Il concetto di «carattere», nel modo in cui lo
ha interpretato Reich, condensa in effetti una delle sue scoperte più originali,
e cioè la constatazione che, trattandosi d'una difesa dell'Io, del nostro Io, strutturatasi sia in senso psichico,
sia in senso fisico, in seguito all'incontro spesso traumatico con la realtà
rappresentata in primis dalle figure di accudimento, dal loro stile educativo,
e dalle loro richieste, esso si configura pure come la resistenza per antonomasia, resistenza da smantellare per prima
soprattutto nel caso in cui il soggetto soffra di nevrosi più o meno
invalidanti, oppure senta comunque il bisogno di intraprendere un percorso di
profonda conoscenza di sé e di crescita personale, magari per dare una svolta o
un nuovo senso alla propria vita. Il carattere di una persona è quindi per
Reich quella che la psicoanalisi stessa definisce una «difesa» e, di
conseguenza, una «resistenza». Bisogna tener presente, però, che esso arriva a
configurarsi come tale poiché in prima istanza rappresenta una forma di
organizzazione individuale strutturatasi nei primi anni di vita al tempo
stesso, ripeto, sia in senso psichico, sia in senso somatico. In altre parole,
si tratta della somma di tutti i modi reattivi tipici di una personalità, delle
sue quotidiane abitudini, ovverosia comportamenti usuali e riconoscibili, tanto
più rigidi e stereotipati quanto più il carattere si rivelerà essere nevrotico
o di tipo nevrotico. Infatti, Reich ha parlato di «incrostazioni caratteriali»,
ma anche di «corazza caratteriale» o muscolo-caratteriale, proprio per
sottolineare come i conflitti psichici si esprimano appunto anche attraverso
delle contratture muscolari croniche, spesso tanto profonde e antiche da non
essere neppure più percepite dal soggetto.
In uno
dei capitoli del suo libro, a un certo punto lei mette in relazione il
Carattere addirittura con il Destino: può spiegarci in che senso?
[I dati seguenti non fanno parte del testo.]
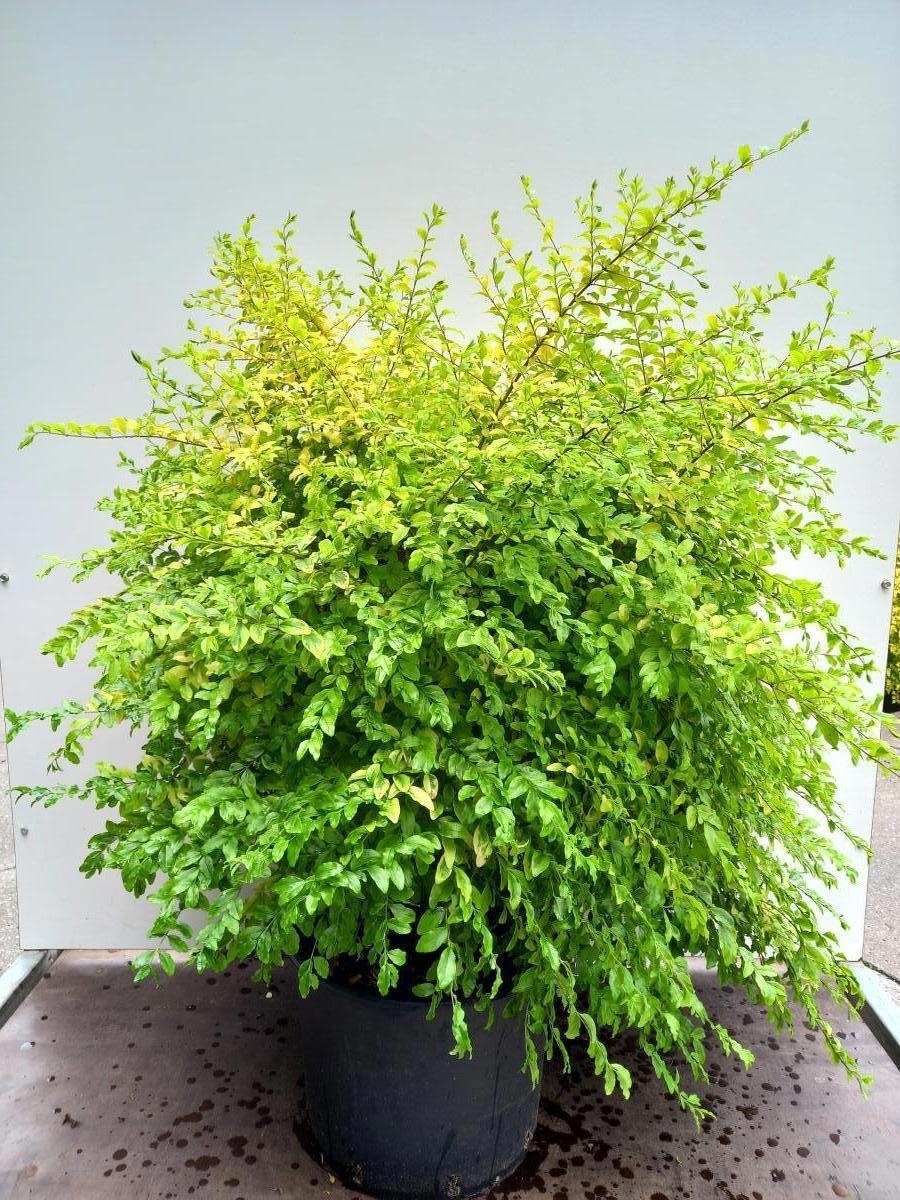 Ligustrum Oval. 'lemon And Lime'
Noi diamo spesso al cosiddetto destino un'aura
di fatalismo ineluttabile che ha la particolarità di apparirci come qualcosa
che si cala su di noi dall'esterno e, in genere, dall'alto, neppure fosse una
mannaia che s'abbatte su di un ciocco, mentre, volendosi assumere comunque la
responsabilità dei propri vissuti, la storia della vita d'un umano può essere
ben vista come la sommatoria di tutte le sue scelte, quotidianamente compiute.
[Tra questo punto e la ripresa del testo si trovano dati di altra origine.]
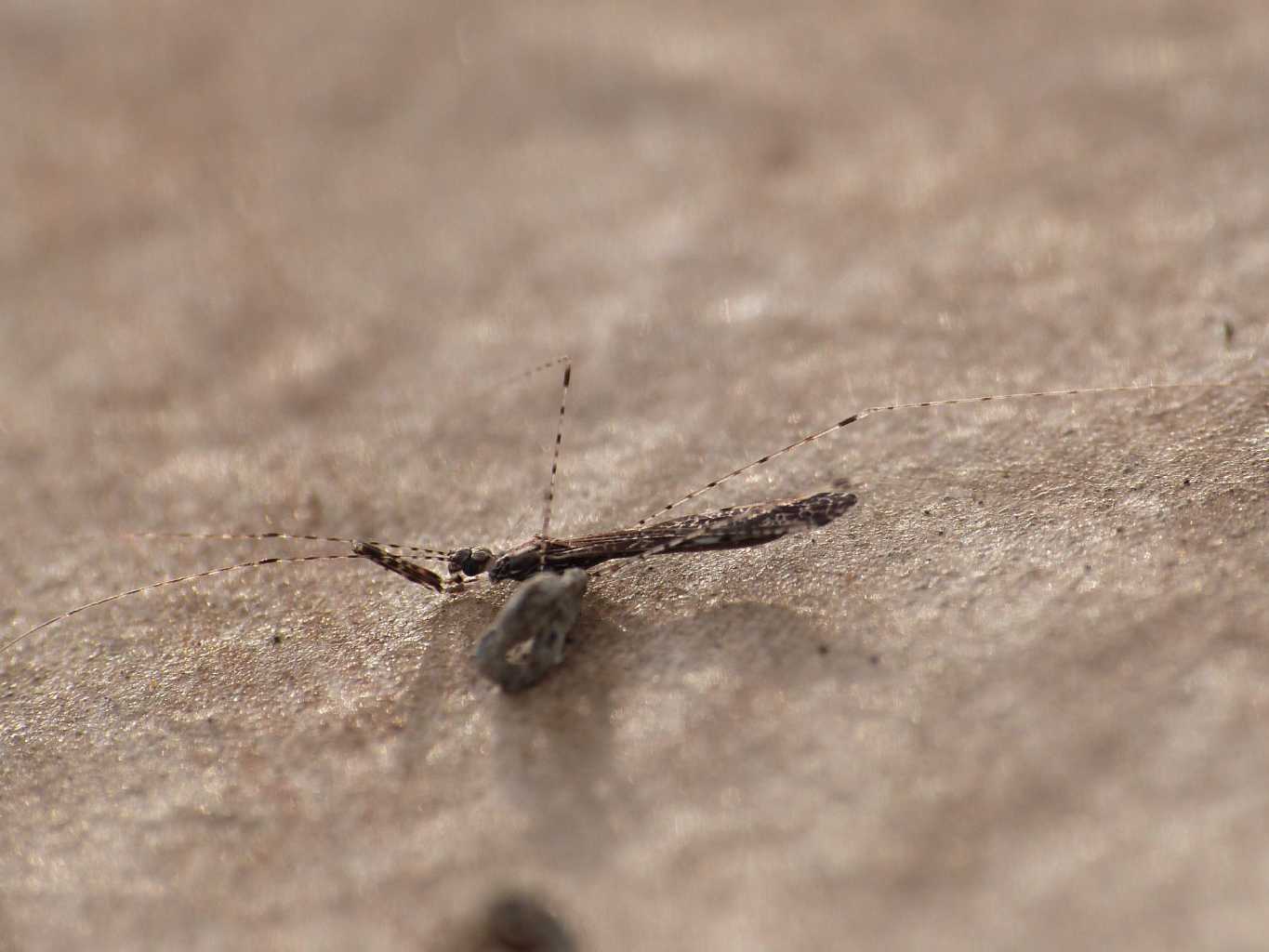 Reduviidae: Empicoris mediterraneus (cf) di Ostia (RM)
Ora, se il carattere corrisponde alla nostra personale Weltanschauung, o visione del mondo che dir si voglia, cioè un
punto di vista sul reale certamente dettato dal modo in cui ci relazioniamo con
la stessa realtà che ci circonda, mentre reagiamo a essa a seconda di quello
che, per così dire, ci suggerisce il nostro stesso carattere, ecco che allora,
direi persino banalmente, appare con chiarezza come la cura del proprio
carattere coincida di fatto con la cura del proprio destino o, in altre parole,
del proprio orientamento di vita, del senso che noi stessi diamo ai nostri
personali vissuti sino a comporre, nel trascorrere del tempo a noi concesso, il
nostro particolare destino. Non vale dunque la pena di approfondire l'analisi
del nostro stesso carattere?
Quando
e perché nacquero le sue divergenze con Freud?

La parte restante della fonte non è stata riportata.